DATASET EXCERPTS Block Start
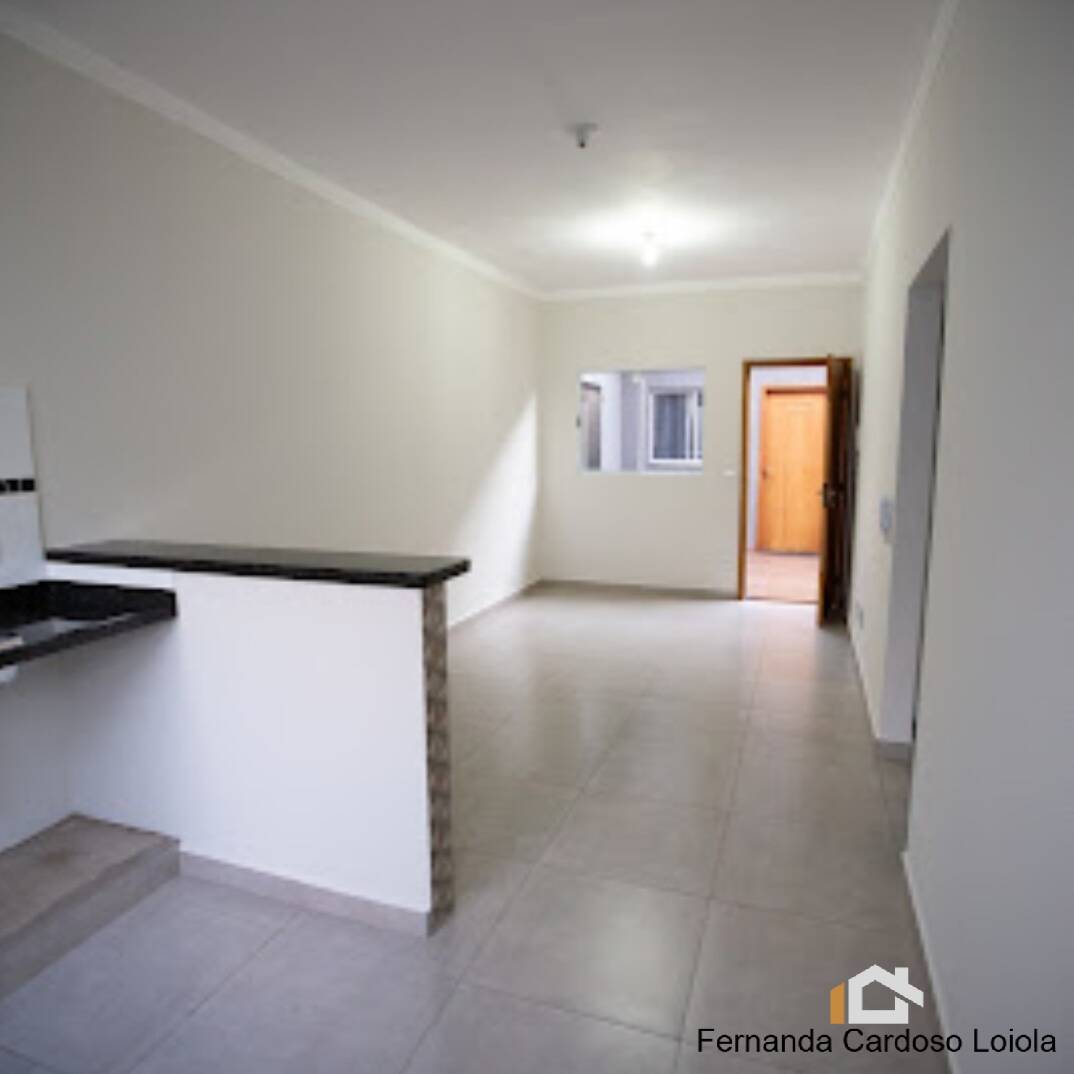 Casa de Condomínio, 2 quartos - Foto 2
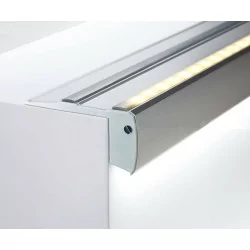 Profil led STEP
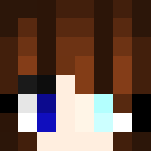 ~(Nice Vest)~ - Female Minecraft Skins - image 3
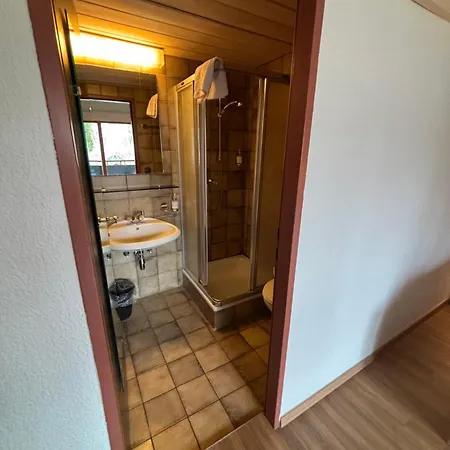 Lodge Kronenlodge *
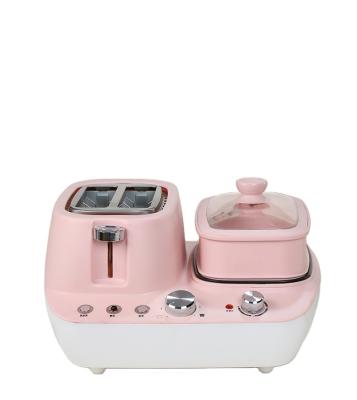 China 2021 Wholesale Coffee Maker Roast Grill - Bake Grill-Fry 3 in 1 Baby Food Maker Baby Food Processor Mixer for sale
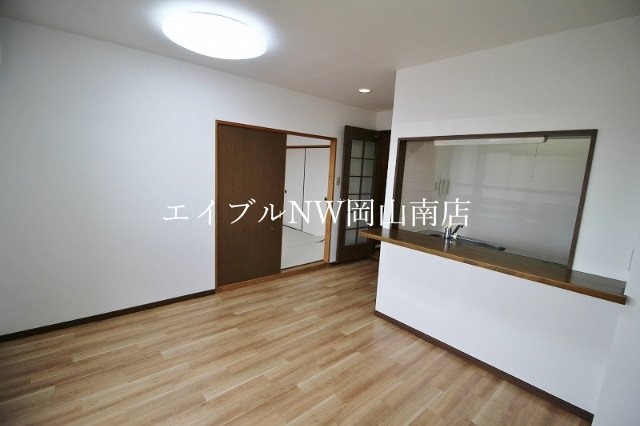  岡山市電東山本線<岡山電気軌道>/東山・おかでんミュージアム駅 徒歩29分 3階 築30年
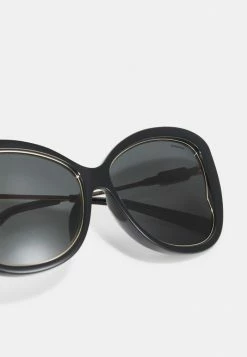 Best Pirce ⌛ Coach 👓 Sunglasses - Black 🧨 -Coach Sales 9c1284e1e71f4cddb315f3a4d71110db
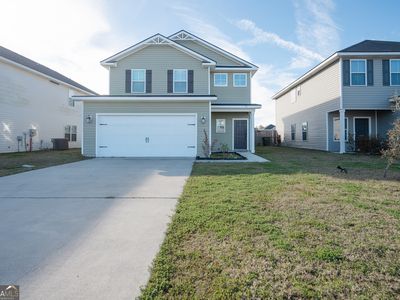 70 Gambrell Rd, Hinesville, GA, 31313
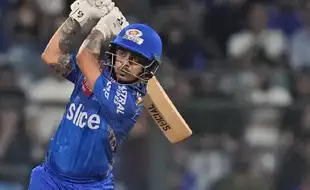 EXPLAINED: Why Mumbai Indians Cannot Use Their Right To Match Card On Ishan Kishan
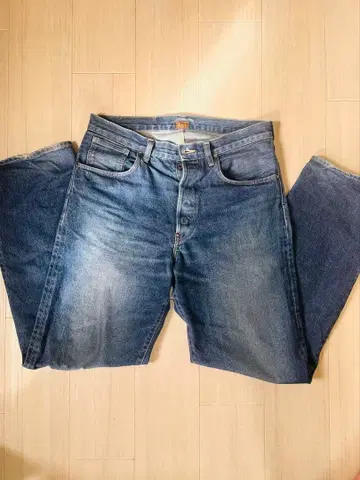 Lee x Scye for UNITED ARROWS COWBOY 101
DATASET EXCERPTS Block End
DATASET EXCERPTS Block Start
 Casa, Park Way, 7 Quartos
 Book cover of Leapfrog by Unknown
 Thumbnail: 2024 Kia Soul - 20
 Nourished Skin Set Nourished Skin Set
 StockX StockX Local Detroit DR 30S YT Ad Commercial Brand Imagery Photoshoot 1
DATASET EXCERPTS Block End
DATASET EXCERPTS Block Start
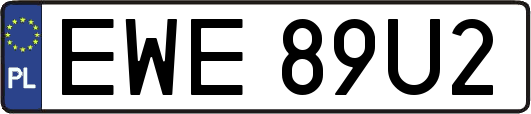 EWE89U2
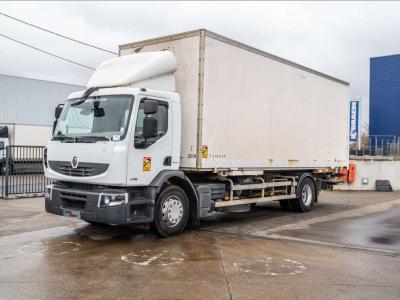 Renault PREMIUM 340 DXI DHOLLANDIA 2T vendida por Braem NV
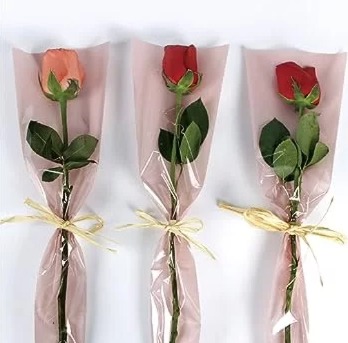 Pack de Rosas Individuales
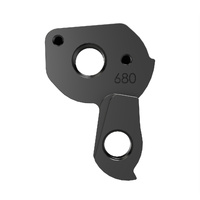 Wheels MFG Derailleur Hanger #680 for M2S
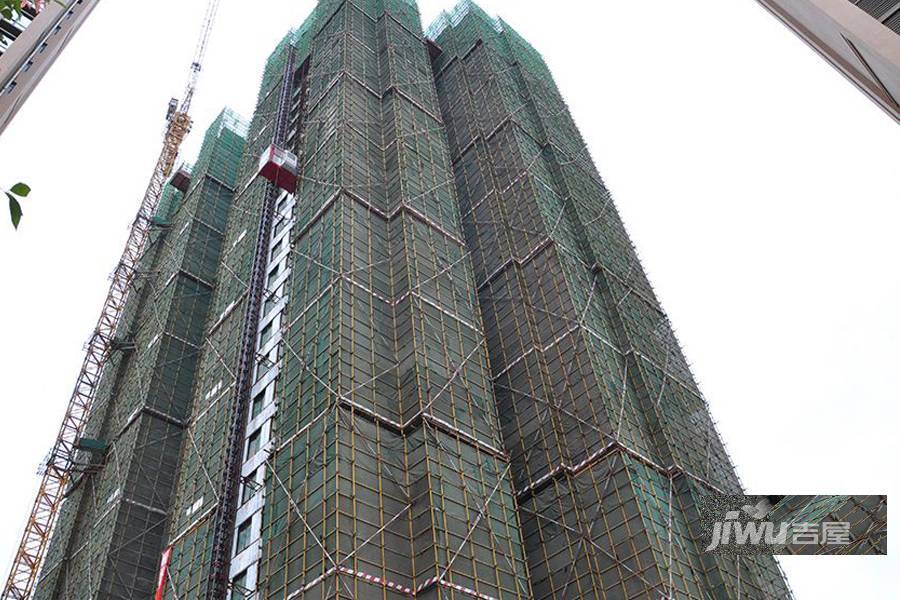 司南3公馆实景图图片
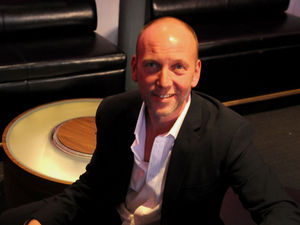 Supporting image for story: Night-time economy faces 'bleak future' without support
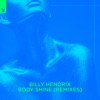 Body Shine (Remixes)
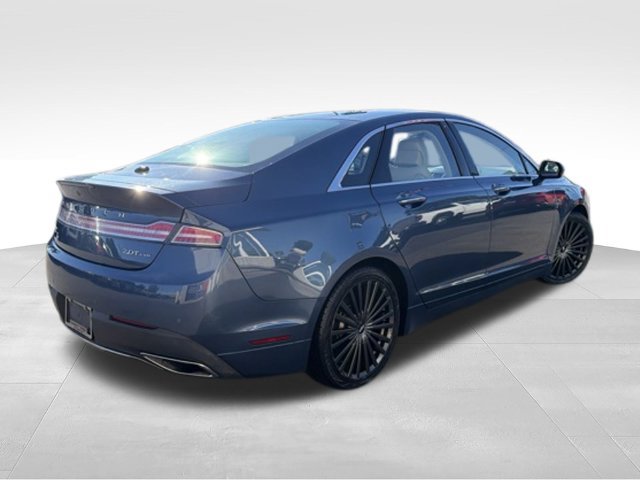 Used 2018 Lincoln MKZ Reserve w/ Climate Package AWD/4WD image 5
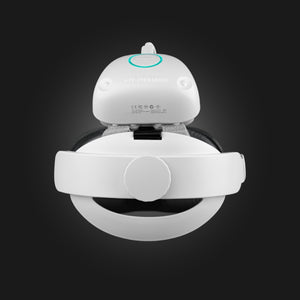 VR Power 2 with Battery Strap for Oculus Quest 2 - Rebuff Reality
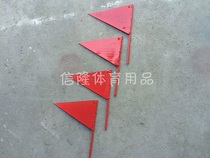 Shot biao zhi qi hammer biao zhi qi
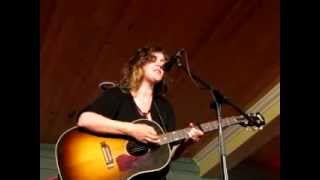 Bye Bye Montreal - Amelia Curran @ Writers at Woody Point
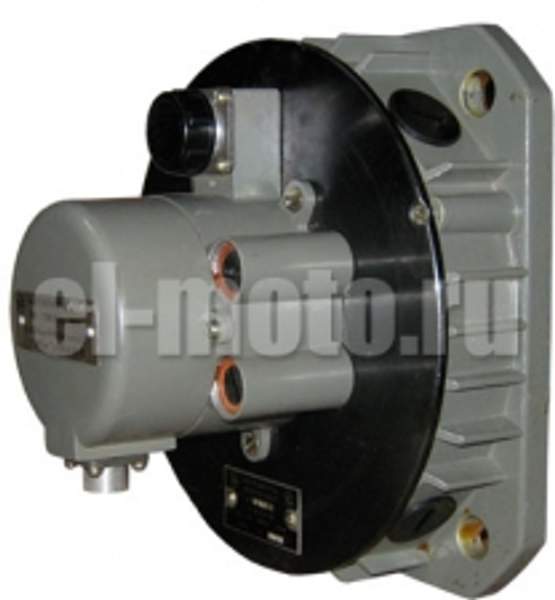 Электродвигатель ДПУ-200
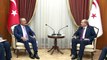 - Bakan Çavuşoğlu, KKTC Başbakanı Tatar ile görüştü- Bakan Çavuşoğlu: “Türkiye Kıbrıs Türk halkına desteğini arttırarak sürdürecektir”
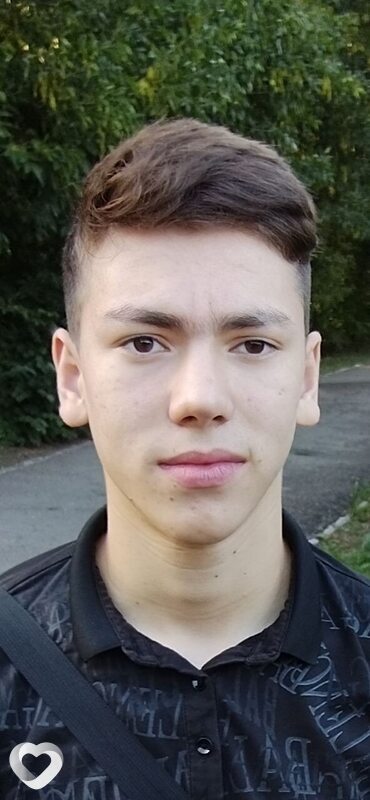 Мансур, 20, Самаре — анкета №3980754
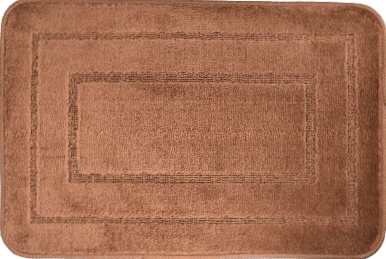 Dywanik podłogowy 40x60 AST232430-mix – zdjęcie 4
DATASET EXCERPTS Block End
→ PROBLEM TO WORK ON
Take the listing above and repeat exactly the lines from the one containing "Book cover of Leapfrog by Unknown" through the one containing "StockX StockX Local", both included.

→ TASK OUTPUT
 Book cover of Leapfrog by Unknown
 Thumbnail: 2024 Kia Soul - 20
 Nourished Skin Set Nourished Skin Set
 StockX StockX Local Detroit DR 30S YT Ad Commercial Brand Imagery Photoshoot 1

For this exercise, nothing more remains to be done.